Mieszkanka Nowej Soli za namową przestępcy aktywowała otrzymane w wiadomości SMS kody i tym sposobem wpuściła oszusta na konto. Straciła 150 tys. zł, oszczędności swojego życia.
W poniedziałek, 4 marca, 64-latka odebrała telefon od „pracownika banku”. Powiedział, że dzwoni z informacją o włamaniu na konto. Dodał, że ktoś ukradł pieniądze oraz zlikwidował lokatę nowosolanki.

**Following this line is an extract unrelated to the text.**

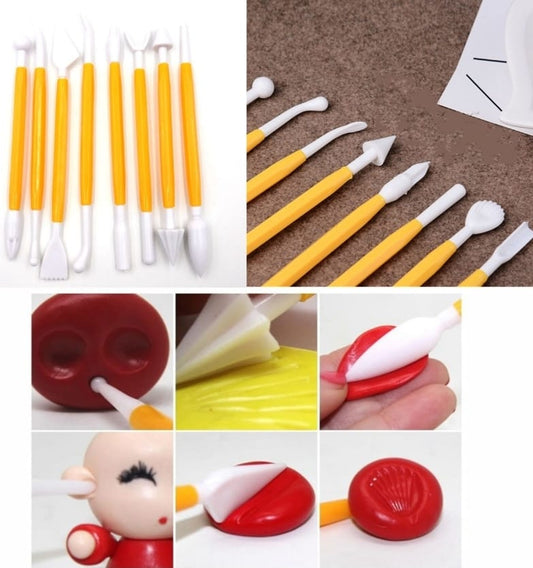 8 Pcs Plastic Modeling tool for clay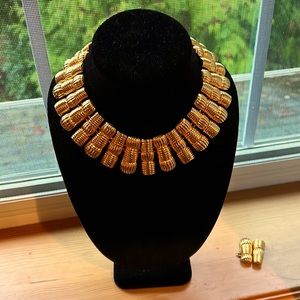 Rare vintage Fendi basket weave necklace.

– Troskliwie uczulał rozmówczynię, że musi zablokować te pieniądze, żeby mogły wrócić na jej konto – mówi asp. Justyna Sęczkowska-Sobol, rzeczniczka policji w Nowej Soli. W dalszej części rozmowy instruował, jak kobieta ma postępować i wysyłał na jej telefon kody, które niestety 64-latka aktywowała. Robiła wszystko według wskazówek fałszywego pracownika banku i tym sposobem straciła ponad 150 tysięcy złotych. To były jej oszczędności.
Nowa Sól. Atak oszusta, ofiara straciła 150 tys. zł
Oszuści stale wymyślają nowe metody wyłudzenia pieniędzy. Przełamują zabezpieczenia kont na portalach społecznościowych i podszywają się pod ich właścicieli. Niestety są również przypadki, gdy fałszywy pracownik banku przeprowadza „weryfikację rozmówcy” i uzyskuje dane wrażliwe jak imię, nazwisko, numer pesel.
Do tego często oszust zdobywa login i hasło do aplikacji bankowej. – Wtedy oprócz kradzieży zgromadzonych środków, sprawca może zaciągnąć kredyt – mówi asp. Seczkowska-Sobol.